質問主意書

第136回国会(常会)

答弁書


答弁書第三号

内閣参質一三六第三号

  平成八年四月二十六日

内閣総理大臣 橋本 龍太郎   


       参議院議長 斎藤 十朗 殿

参議院議員山口哲夫君提出日米安保の再定義と沖縄米軍基地に関する質問に対し、別紙答弁書を送付する。

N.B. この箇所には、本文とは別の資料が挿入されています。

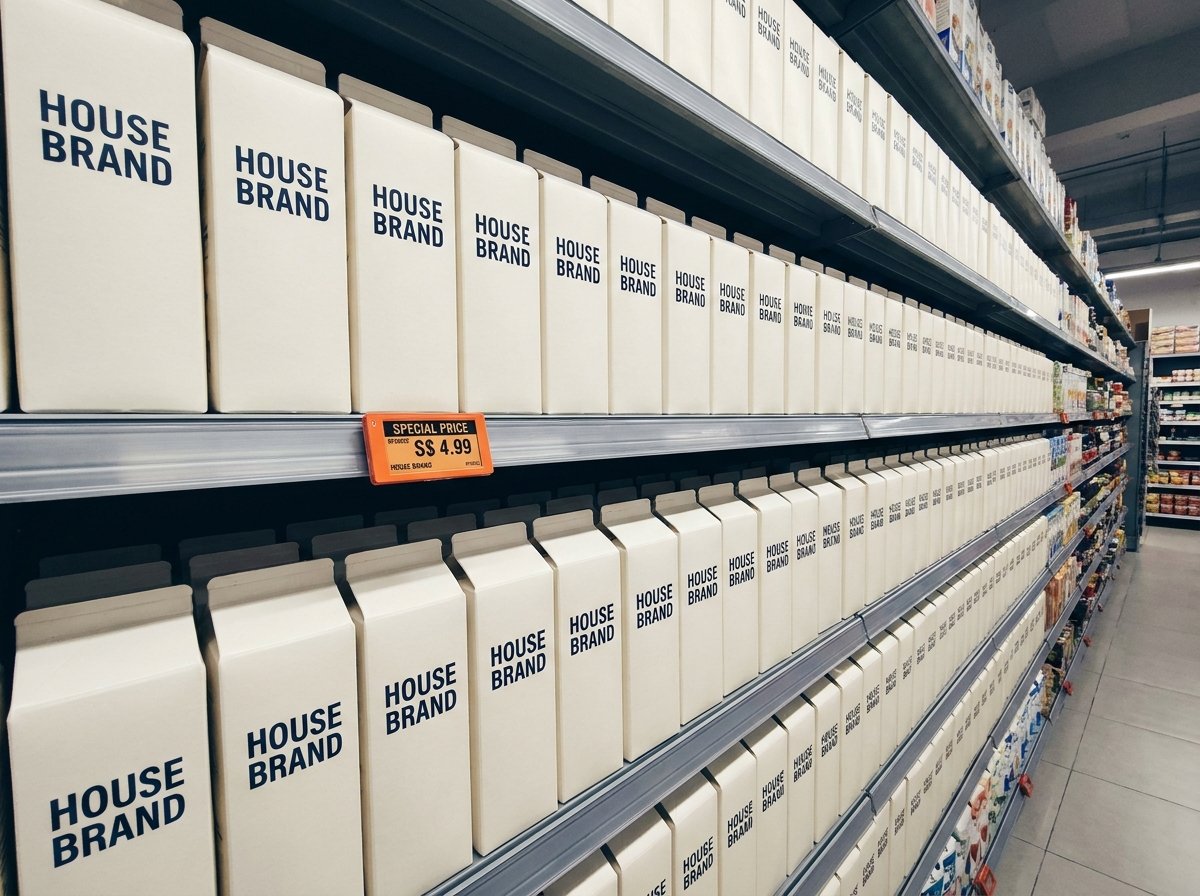 A horizontal run of identical white house-brand cartons on a supermarket shelf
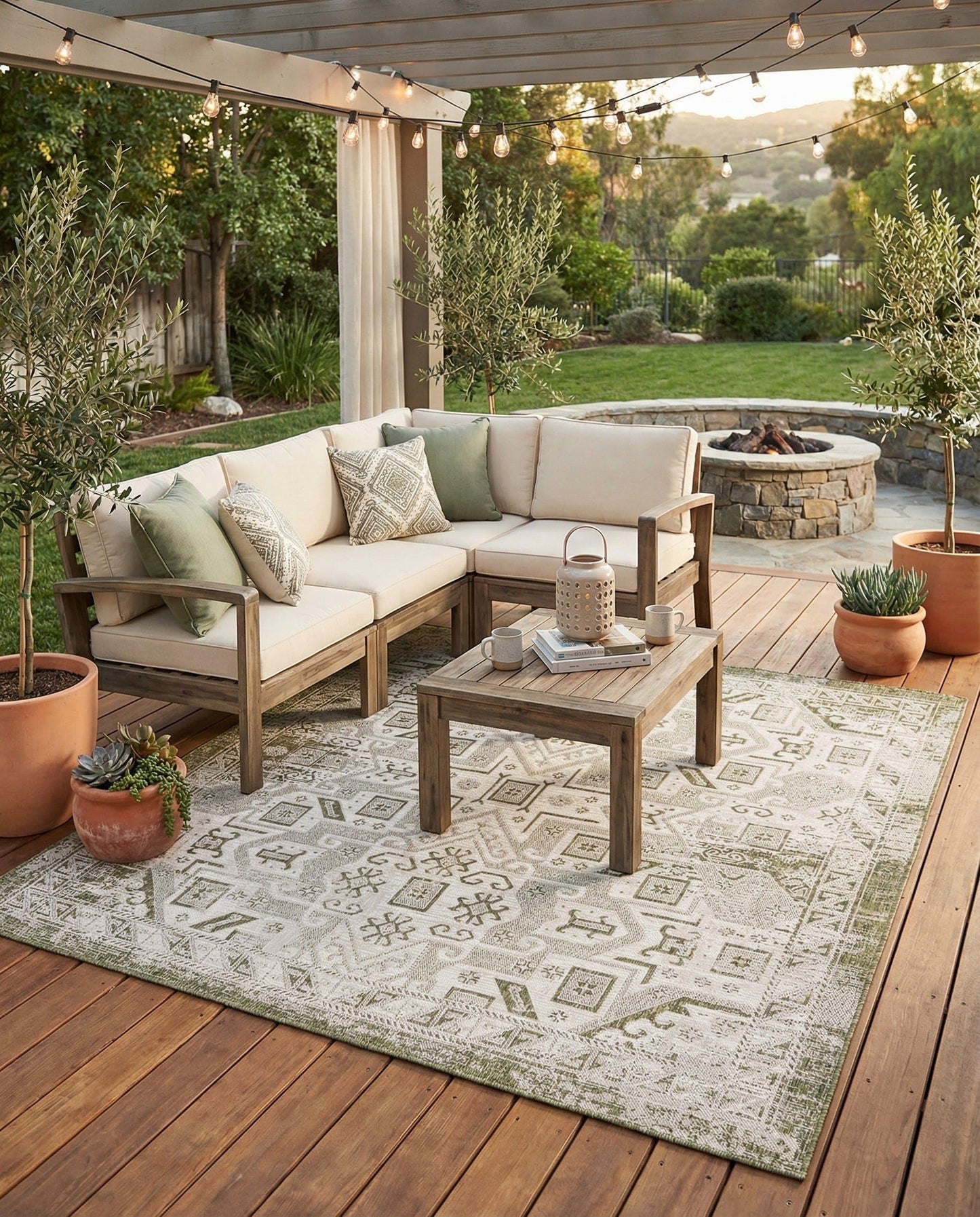 Rugs.com - Outdoor Aztec Rug – 8 Ft Square Green Indoor/Outdoor Rug – Washable Flatweave Area Rug for Patios, Decks, and Porches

   参議院議員山口哲夫君提出日米安保の再定義と沖縄米軍基地に関する質問に対する答弁書

一について

 我が国に駐留する米軍は、我が国を含む極東における国際の平和と安全の維持に寄与するとの任務を現に果たしているところであるが、米軍の運用上の都合による在日米軍の部隊の極東以外の地域への移動について、日米安保条約上何ら制約がないことは、政府が従来から国会等で明らかにしているとおりである。

二について

 普天間飛行場については、本年四月十二日に橋本総理がモンデール駐日米国大使と会談を行い、所要の措置が採られた後に全面返還することにつき既に合意が得られており、このことは四月十五日に日米安全保障協議委員会が発表した特別行動委員会の中間報告(以下「中間報告」という。)において確認されている。中間報告で確認された内容は、「今後五~七年以内に、十分な代替施設が完成した後、普天間飛行場を返還する。施設の移設を通じて、同飛行場の極めて重要な軍事上の機能及び能力は維持される。このためには、沖縄県における他の米軍の施設及び区域におけるヘリポートの建設、嘉手納飛行場における追加的な施設の整備、KC-130航空機の岩国飛行場への移駐及び危機に際しての施設の緊急使用についての日米共同の研究が必要となる。」というものである。

三について

 米軍の各飛行場において採られている航空機騒音規制措置は、駐留している米軍の運用規則や飛行場の特性を考慮し、それぞれの運用状況を踏まえたものとなっており、必ずしも一律なものではないが、共通する事項もあることから、できる限り横田及び厚木飛行場に係る合同委員会合意を参考に、更に沖縄県に特有の要素を加味して米側と協議を重ねた結果、項目やその表現において、これらの合意とほぼ同様の内容の合同委員会合意が得られたものである。
 また、右合同委員会合意において、米側との間で航空機騒音に関する状況を改善すべく今後とも最大限の努力を行っていくことを確認したところであり、政府としては、引き続き真剣に対応してまいる所存である。

四について

 沖縄県における駐留軍用地の返還に伴う特別措置に関する法律(平成七年法律第百二号)第八条に基づく給付金については、平成八年度に初めて支給されるものであることから、まず、同条の規定に基づき適正に執行していくことが大切であると考えている。

五について

 金武町で実施されている実弾射撃訓練に伴う不発弾の処理については、昨年十一月、沖縄県による地位協定見直し要請の一項目となっていることは承知している。
 本件不発弾処理に関しては、特別行動委員会の場等を通じ協議をしてきたものであるが、中間報告において述べているとおり、今後、不発弾処理の具体的なガイドライン及び公表の方法について、検討作業に着手することとしている。
 また、県道104号線越え実弾射撃訓練に関しては、中間報告において、これを取りやめ、本土の複数の演習場に移転することについて改めて確認したところである。なお、本件に関しては、現在、合同委員会の下に設置された特別作業班で鋭意検討を行っているところである。